Disney animator Glen Keane says the 'Beauty and the Beast' remake perfected a scene he had trouble creating
- Disney legend Glen Keane animated some of the studio's most beloved characters, including the Beast, Ariel, and Aladdin.
- Keane said 2017's "Beauty and the Beast" remake nailed one moment he had difficulty animating — when the Beast finally makes the decision to let Belle go and check on her ailing father.
- "All I can say is, you're always learning. And if I had the chance to do it again, I'd do it just like he did it," Keane said of Dan Stevens, who played the Beast in the remake.
- Insider also asked Keane what he thought of Disney's many live-action remakes.
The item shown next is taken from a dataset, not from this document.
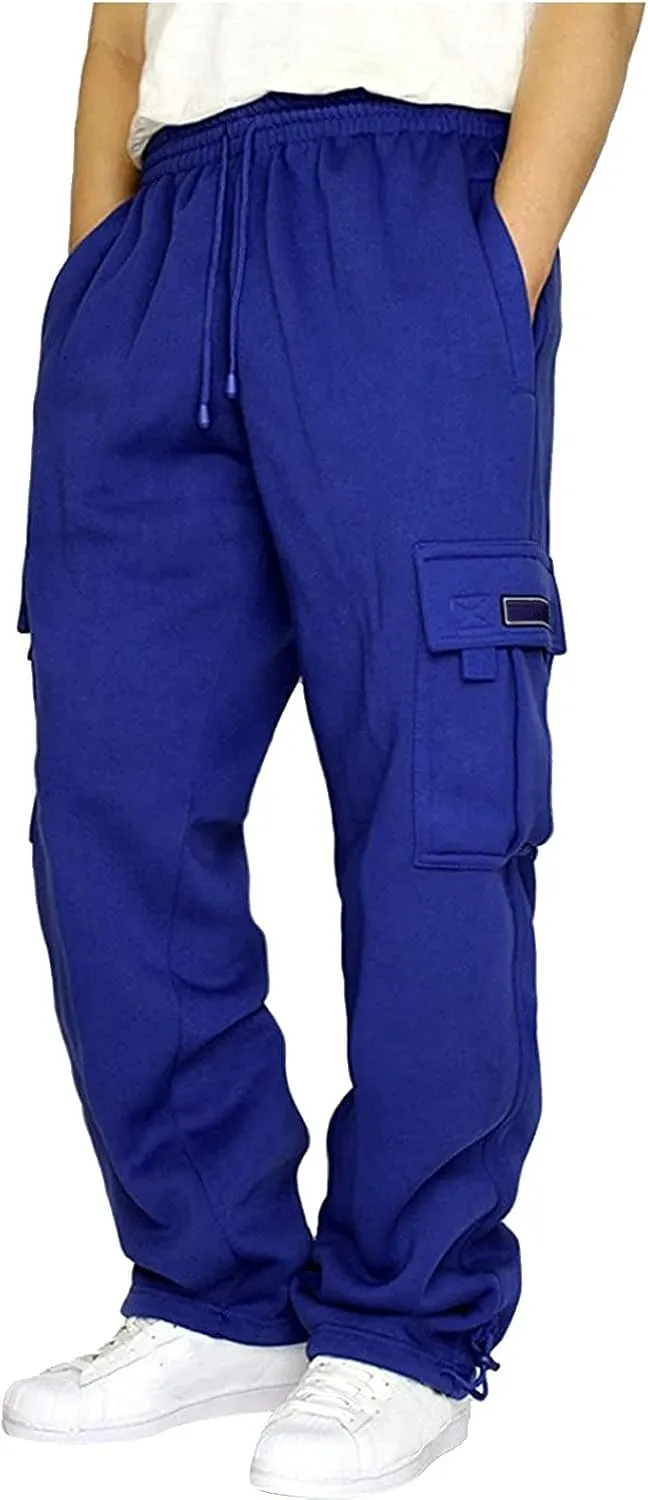 Plus Size Cargo Sweatpants for Men Casual Drawstring Waist Open Bottom Sweatpants Baggy Sweat Pants with Pockets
- He said they shouldn't just be copies, but should add more to the original, such as 2016's "The Jungle Book."
Former Disney animator Glen Keane helped bring some of the most beloved and memorable characters to life, including Aladdin, Ariel in "The Little Mermaid" and the Beast in "Beauty and the Beast."
And although Keane wouldn't say how he felt about Disney's 2017 live-action "Beauty and the Beast," he did share that the live-action interpretation perfected a pivotal moment in the film that he struggled to animate in the 1991 classic.
Both films follow Prince Adam, who has been turned into a Beast by an enchantress. If he's not able to find true love before the final petal on an enchanted rose falls on his 21st birthday, he'll remain an animal.
Still, a few months before his time is up, he imprisons a young woman, Belle, in his castle, hoping that she can break the spell. He never tells her about the curse.
Over time, she slowly warms up to the Beast and takes a liking to him and his staff, who were also turned into inanimate objects due to the spell. But late in the film, Belle learns her father has fallen ill back home. The Beast grapples with whether or not she should stay.
"I never got it. It's where Beast has to decide to let Belle go free, to go home without telling her that he will remain a beast forever if they don't fall in love," Keane recalled. "It's him looking at the flower and there's just one petal left there and he struggles with it. He's trying to make that decision to let her go."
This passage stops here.